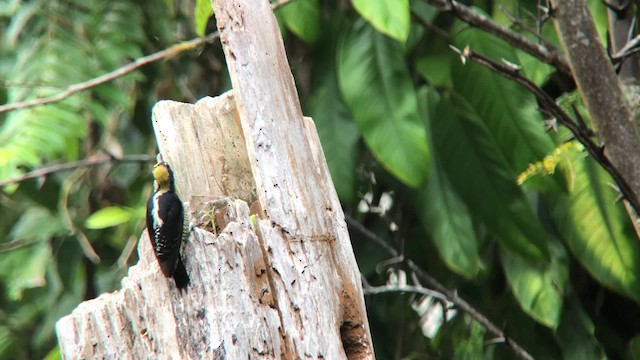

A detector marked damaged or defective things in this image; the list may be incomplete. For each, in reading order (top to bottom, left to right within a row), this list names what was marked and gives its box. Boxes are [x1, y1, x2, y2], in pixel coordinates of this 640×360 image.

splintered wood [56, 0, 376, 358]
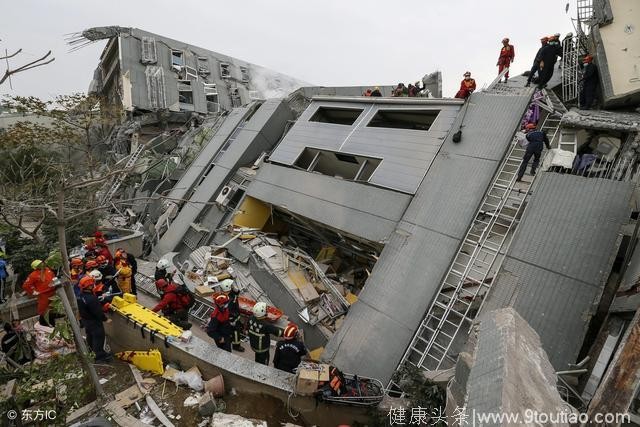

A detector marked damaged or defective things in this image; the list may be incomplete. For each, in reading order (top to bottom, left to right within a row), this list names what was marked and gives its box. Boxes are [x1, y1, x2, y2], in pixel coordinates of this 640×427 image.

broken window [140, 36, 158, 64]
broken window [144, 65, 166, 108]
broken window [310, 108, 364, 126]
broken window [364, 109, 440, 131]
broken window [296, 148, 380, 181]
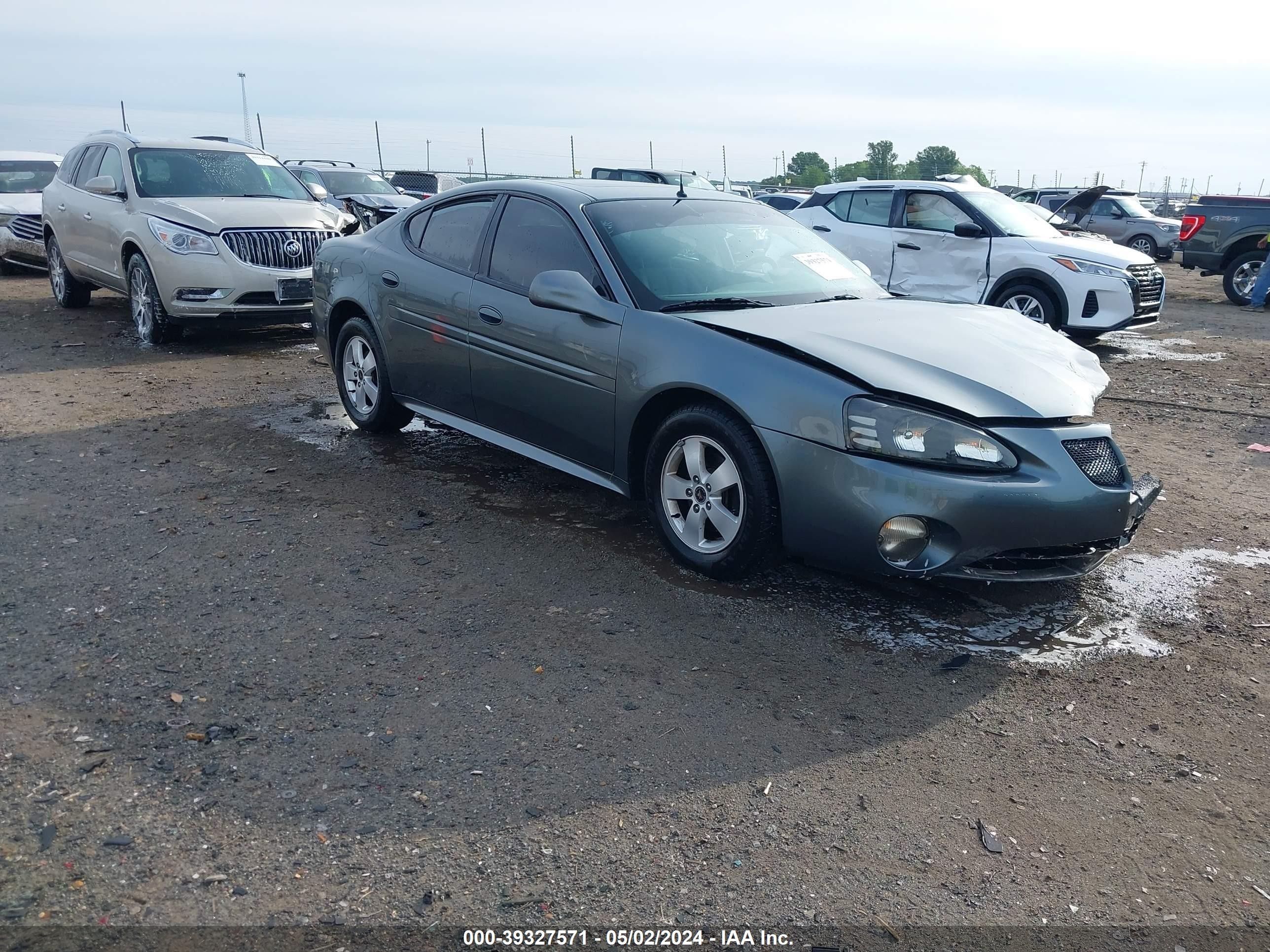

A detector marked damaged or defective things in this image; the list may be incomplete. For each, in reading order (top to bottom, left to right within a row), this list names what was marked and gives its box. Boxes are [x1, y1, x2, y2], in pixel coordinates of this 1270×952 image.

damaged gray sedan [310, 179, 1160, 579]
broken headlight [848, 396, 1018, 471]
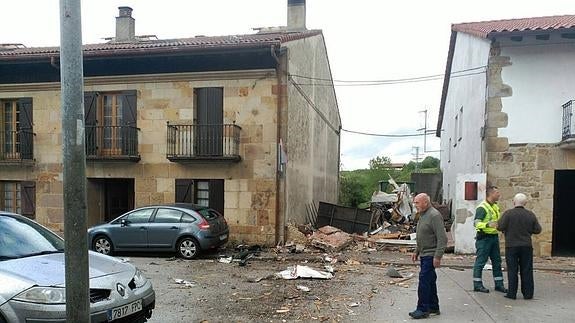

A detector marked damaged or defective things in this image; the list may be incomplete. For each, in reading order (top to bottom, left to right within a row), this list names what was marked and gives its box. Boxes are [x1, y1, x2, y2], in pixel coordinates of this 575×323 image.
==*==
▶ _Task description_: All that should be printed is the lines from the one containing "this 640×427 image." through the last line of the material above, both ends included, exactly as they stand; please skip the pictures.

▶ _Answer to this problem_:
A detector marked damaged or defective things in this image; the list may be incomplete. For each, in reading order (top to bottom, left to right within a row), this list names what was marked and gives its box. Boxes are [x1, y1, x2, y2], in pixel coordinates of this 640×427 image.

broken window [140, 36, 158, 64]
broken window [144, 65, 166, 108]
broken window [310, 108, 364, 126]
broken window [364, 109, 440, 131]
broken window [296, 148, 380, 181]

A detector marked damaged or defective things in this image; the list may be incomplete. For each, in reading order (top to bottom, left to right within a row), this list names what was marked and gives its box. Boxes are [x1, y1, x2, y2], in pixel coordinates of this 1270×952 image.

damaged gray sedan [310, 179, 1160, 579]
broken headlight [848, 396, 1018, 471]

A detector marked damaged or defective things in this image; the list may be incomplete. For each, in reading order (top to bottom, left to right within a row), this list names what was marked and gives its box. Boxes are [x1, y1, x2, y2], in pixel coordinates of this 575×323 image.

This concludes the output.